FIG. 2B is a flow diagram of a process 250 for rendering a light field image with multiple views from a NeRF, in accordance with an embodiment. Each block of method 250, described herein, comprises a computing process that may be performed using any combination of hardware, firmware, and/or software. For instance, various functions may be carried out by a processor executing instructions stored in memory. The method may also be embodied as computer-usable instructions stored on computer storage media. The method may be provided by a standalone application, a service or hosted service (standalone or in combination with another hosted service), or a plug-in to another product, to name a few. In addition, method 250 is described, by way of example, with respect to the system of FIG. 1. However, this method may additionally or alternatively be executed by any one system, or any combination of systems, including, but not limited to, those described herein.
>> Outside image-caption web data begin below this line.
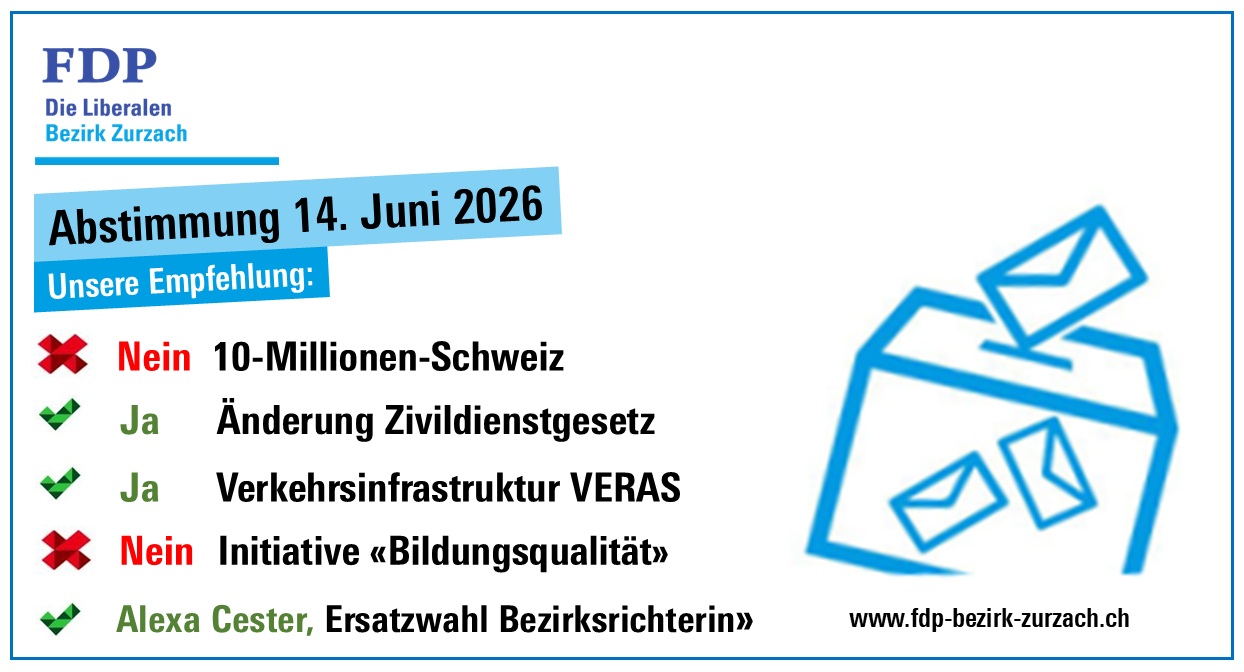 FDP - PLR Slider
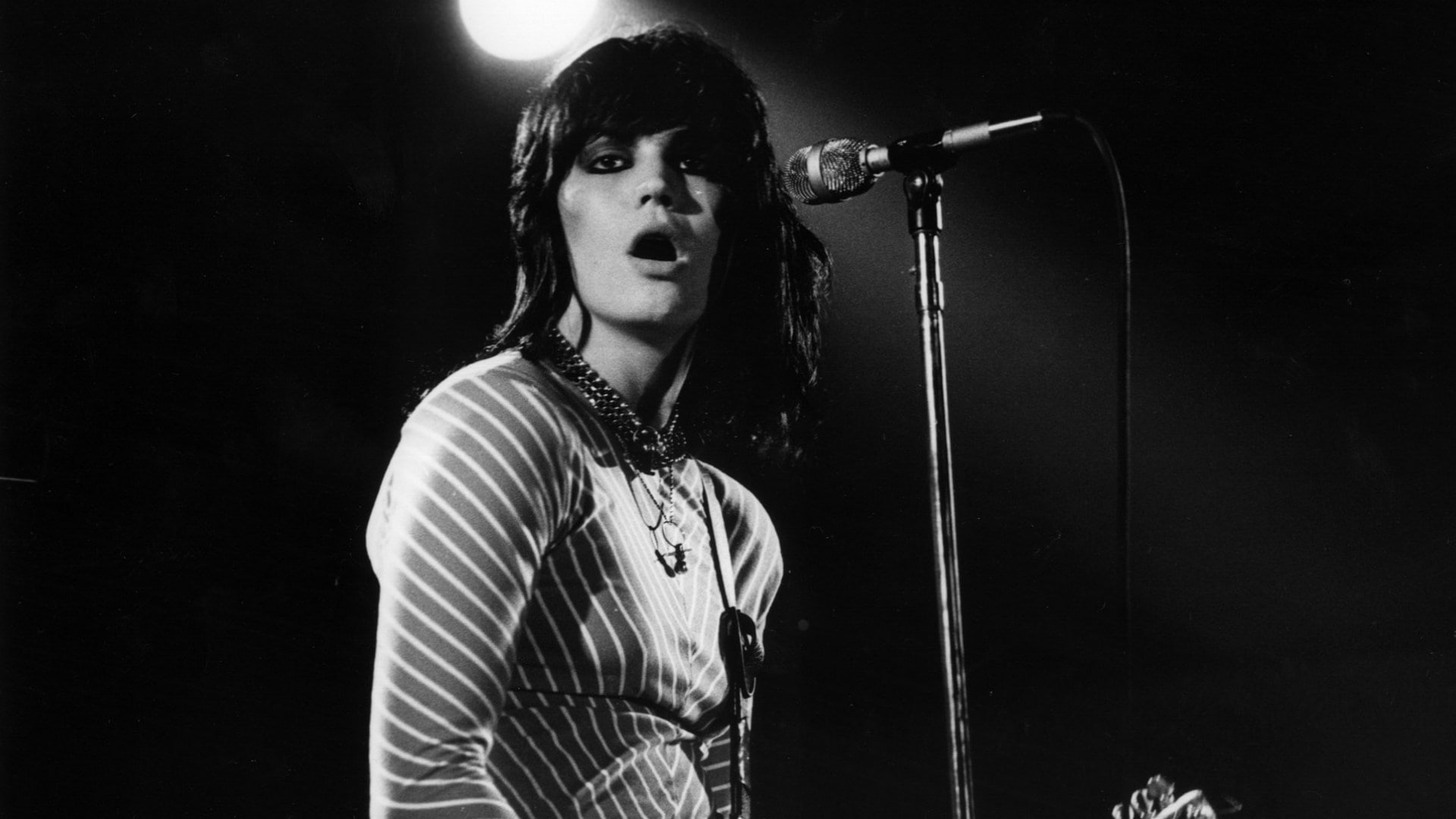 joan jett, 1080P, HD Wallpaper
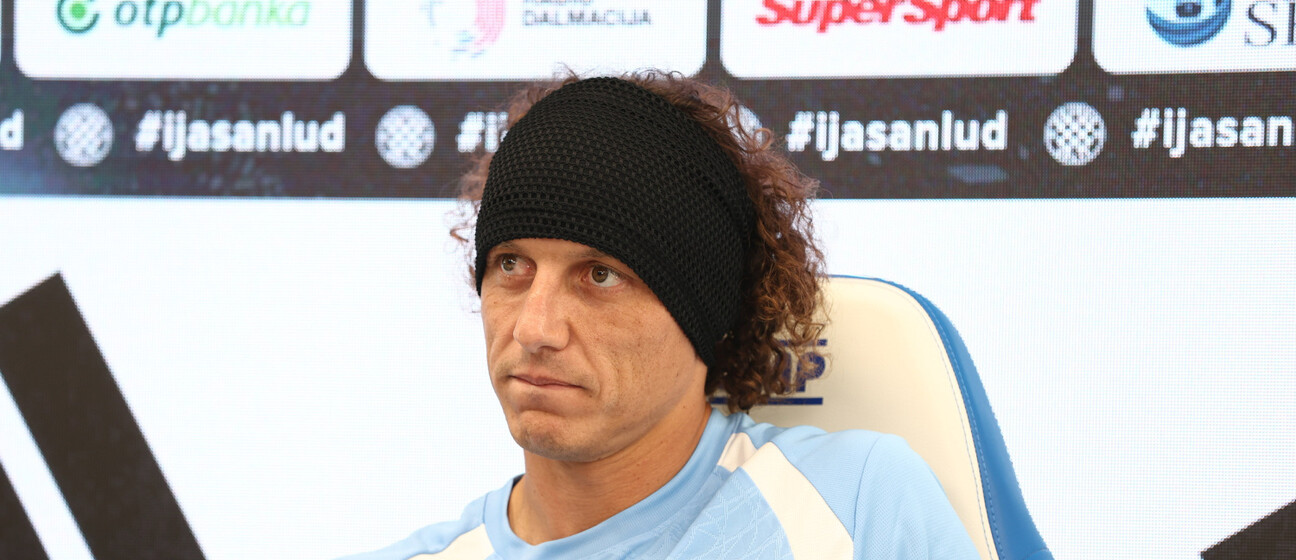 David Luiz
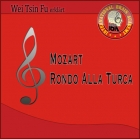 Mozart - Rondo Alla Turca Teil 1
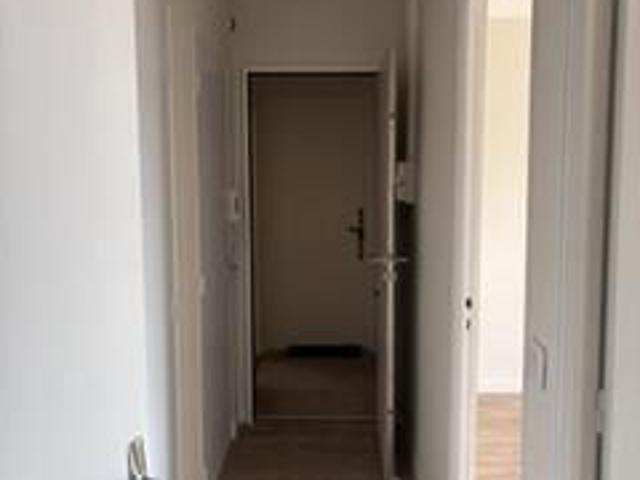 Appartement 1 pièce, 33 m² à louer à Rodez 12000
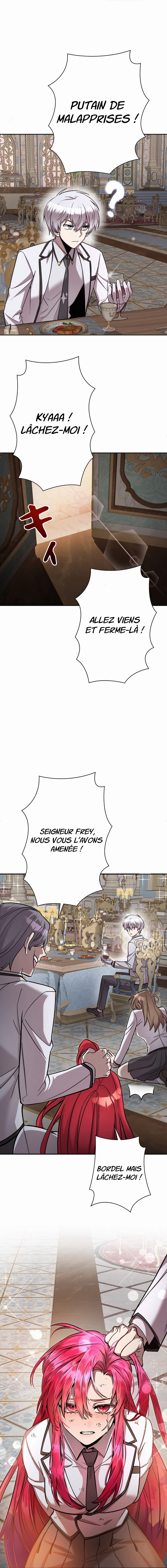 Read I’m a Hero, but the Heroines are Trying to Kill Me vf Manga Online
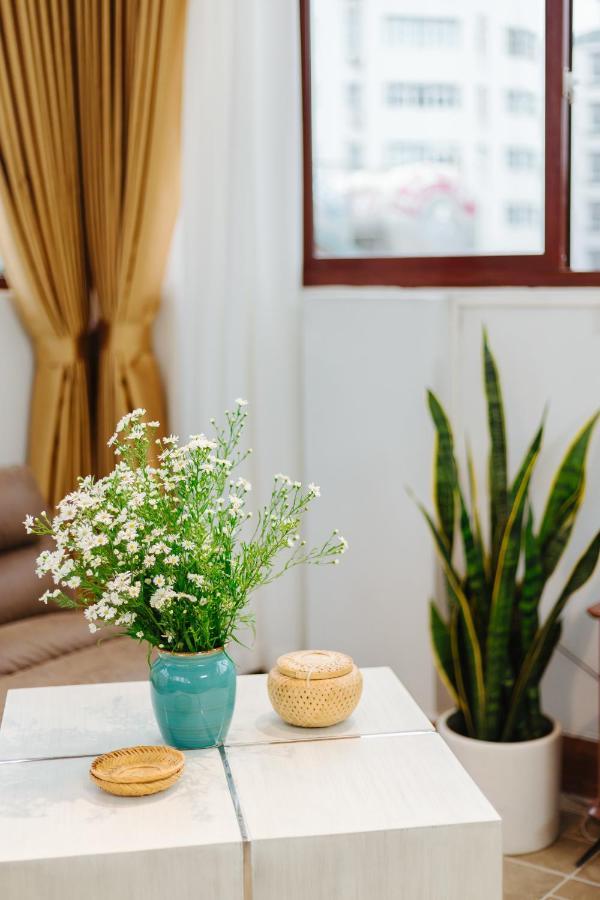 Sunstay Paradise Hanoi Luaran gambar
Furthermore, persons of ordinary skill in the art will understand that any system that performs method 250 is within the scope and spirit of embodiments of the present disclosure.
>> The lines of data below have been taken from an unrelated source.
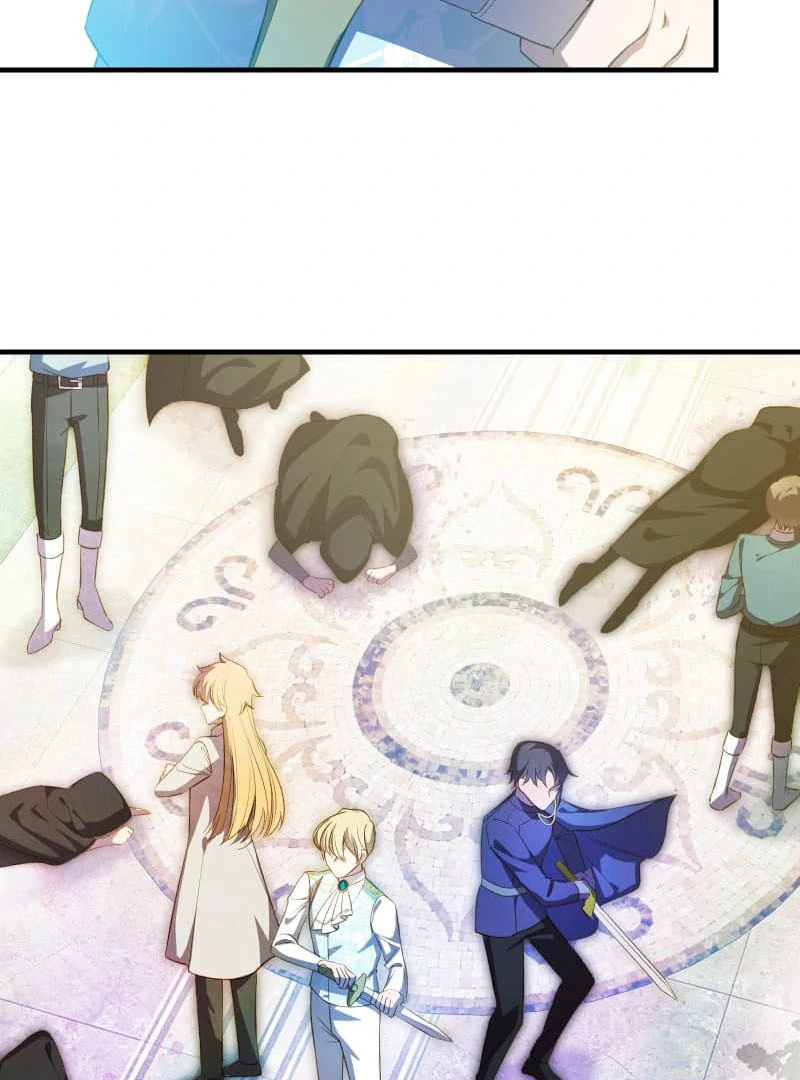 To the Saintess Who Killed Me, I’ll Turn Back Time to See You Chapter 24 444 ch 24 38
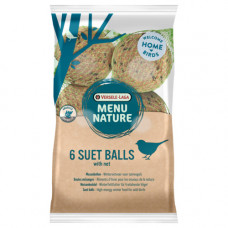 VERSELE-LAGA MENU NATURE MEZENBOLLEN A 6 540 G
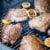 Shady Brook Farms® Fresh Bone-in Turkey Thighs Perspective: right
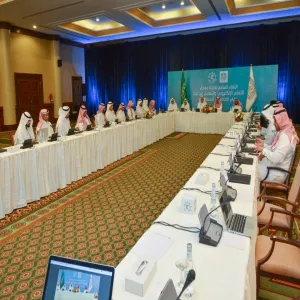 MU PARTICIPATES IN 7TH MEETING OF E-LEARNING DEANS AT SAUDI UNIVERSITIES
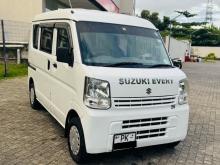 Suzuki Every DA17 2020 Van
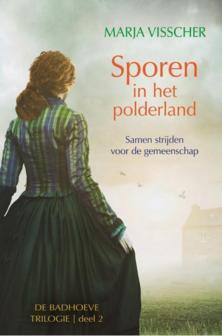 Marja Visscher // Sporen in het polderland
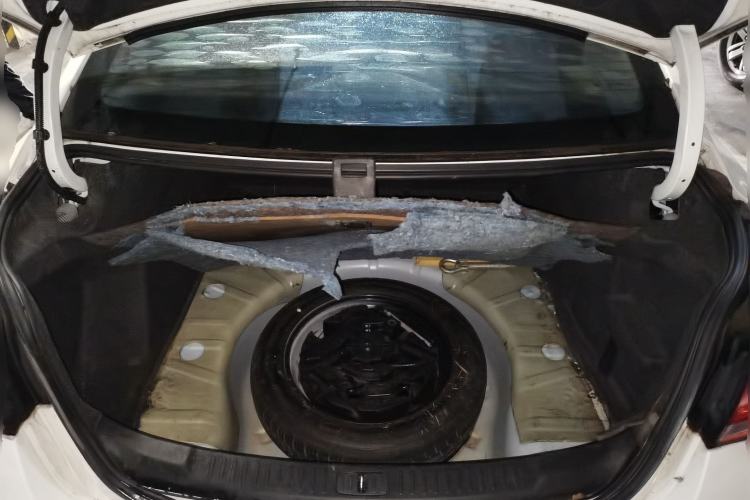 Used Chevrolet Malibu 2017 1.5T Automatic Luxury Edition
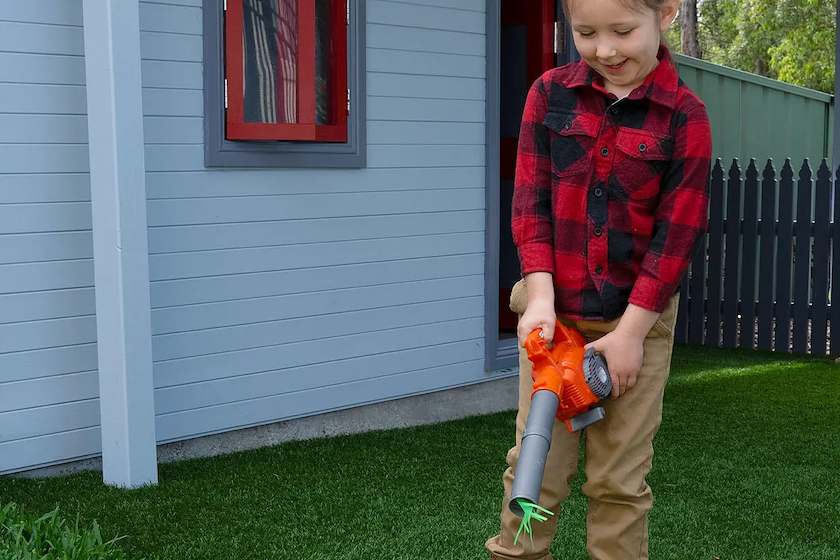 Soffiatore Giocattolo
Process 250 implements adaptive sampling to densely sample along portions of individual rays (of the ray pattern used to generate the multiple views of the light field image) that extend through regions of the NeRF bounding box where density changes rapidly. Many steps of process 250 are identical to steps of process 200, and identical reference numerals identify identical process steps. Adaptive sampling enhances the representation of object surfaces by focusing more on areas where density changes quickly. Two-step volume rendering implements this strategy by first coarsely sampling the scene, then densely sampling where density variations are significant. In process 250, depths of coarse sampling planes (e.g., with ds interval) are determined at 256 for coarse sampling. At 262, the density value at each sampling point in the kth coarse slice is compared, on a ray-by-ray basis, to the density value of its corresponding point in the (k−1)th coarse slice to identify rays for dense sampling. In at least one embodiment, a difference in density values between corresponding sampling points of each respective ray at consecutive coarse sampling planes is determined at 262 and compared to a threshold value. If the difference exceeds the threshold, then dense sampling is carried out for the respective ray between the two consecutive coarse sampling planes. In at least one embodiment, the comparison to the threshold is represented |σi,j,K−σ_i−νx,_j−νy,₀|⇔ threshold. At 264 and 266, process 250 computes color and opacity for each ray not identified for dense sampling at 262. Process steps 264 and 266 are performed in the same manner as process steps 212 and 214 of process 200, except not all rays are involved in 264 and 266. At 268, process 250 implements dense sampling to compute color and opacity for each ray identified for dense sampling at 262. In at least one embodiment, dense sampling is implemented at 268 via the technique for light field volume rendering between two sampling planes with depth resolution K>1, as described above in connection with FIG. 3F. At 270, the coarsely sampled composited rays computed at 266 and the densely sampled composited rays computed at 268 are combined, and the color and transmittance buffers are updated.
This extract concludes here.